◆ **DATA BELOW**:
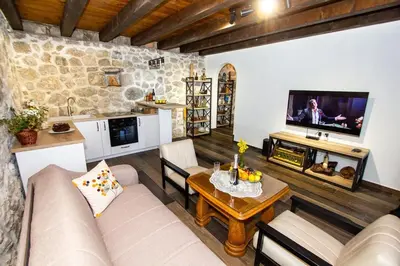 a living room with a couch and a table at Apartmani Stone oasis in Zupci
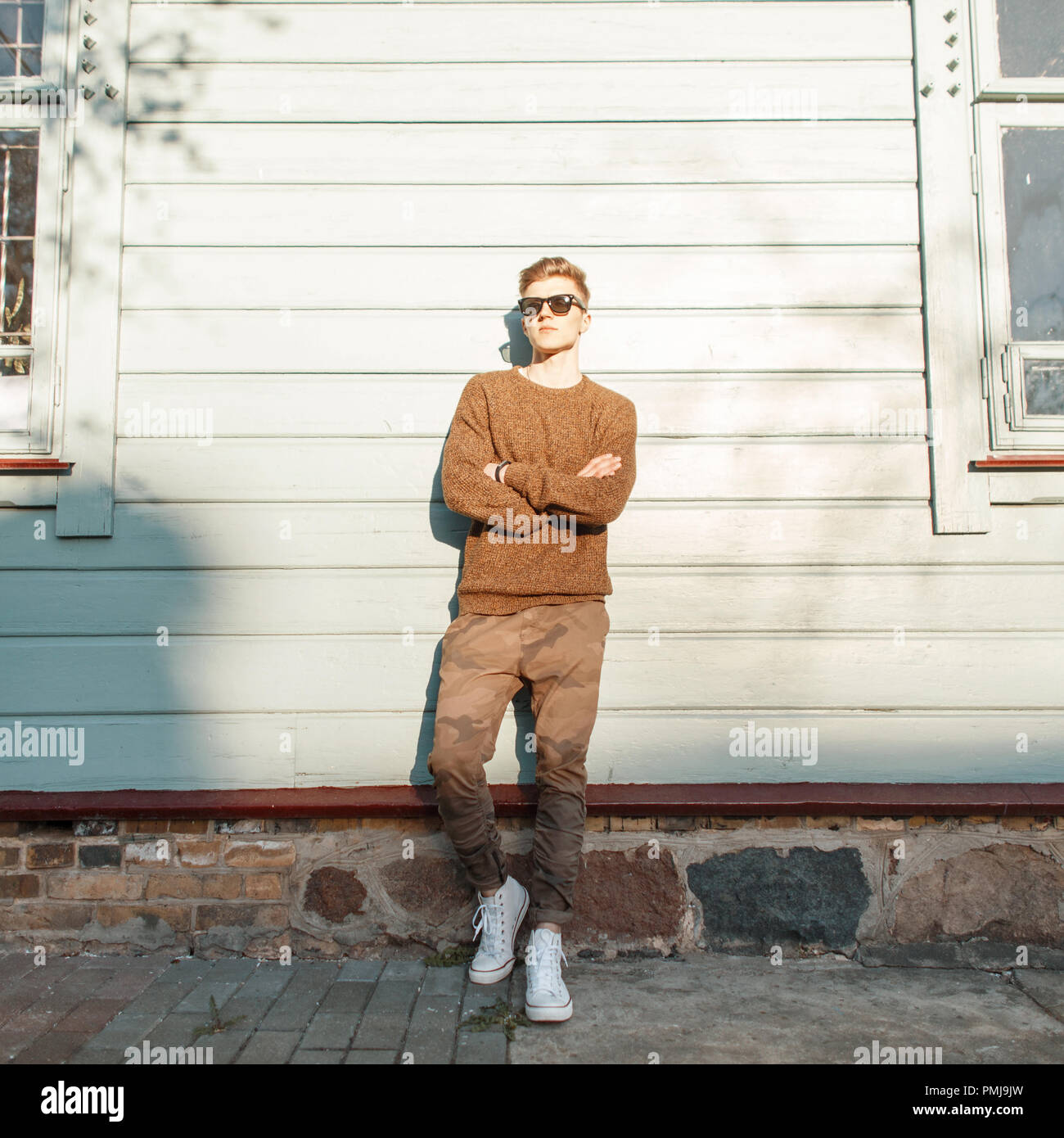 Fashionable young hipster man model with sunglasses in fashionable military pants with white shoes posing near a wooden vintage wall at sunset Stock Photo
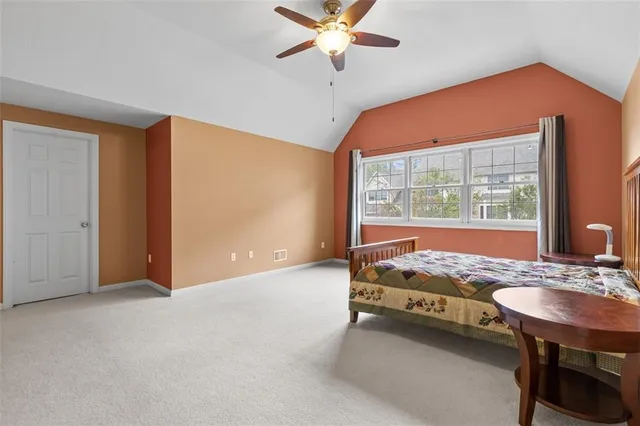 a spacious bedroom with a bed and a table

◆ **TASK OBJECTIVE**: Images are to be left out; everything else in the material must be written out exactly.

◆ **ANSWER TO THIS PROBLEM**:
 a living room with a couch and a table at Apartmani Stone oasis in Zupci
 Fashionable young hipster man model with sunglasses in fashionable military pants with white shoes posing near a wooden vintage wall at sunset Stock Photo
 a spacious bedroom with a bed and a table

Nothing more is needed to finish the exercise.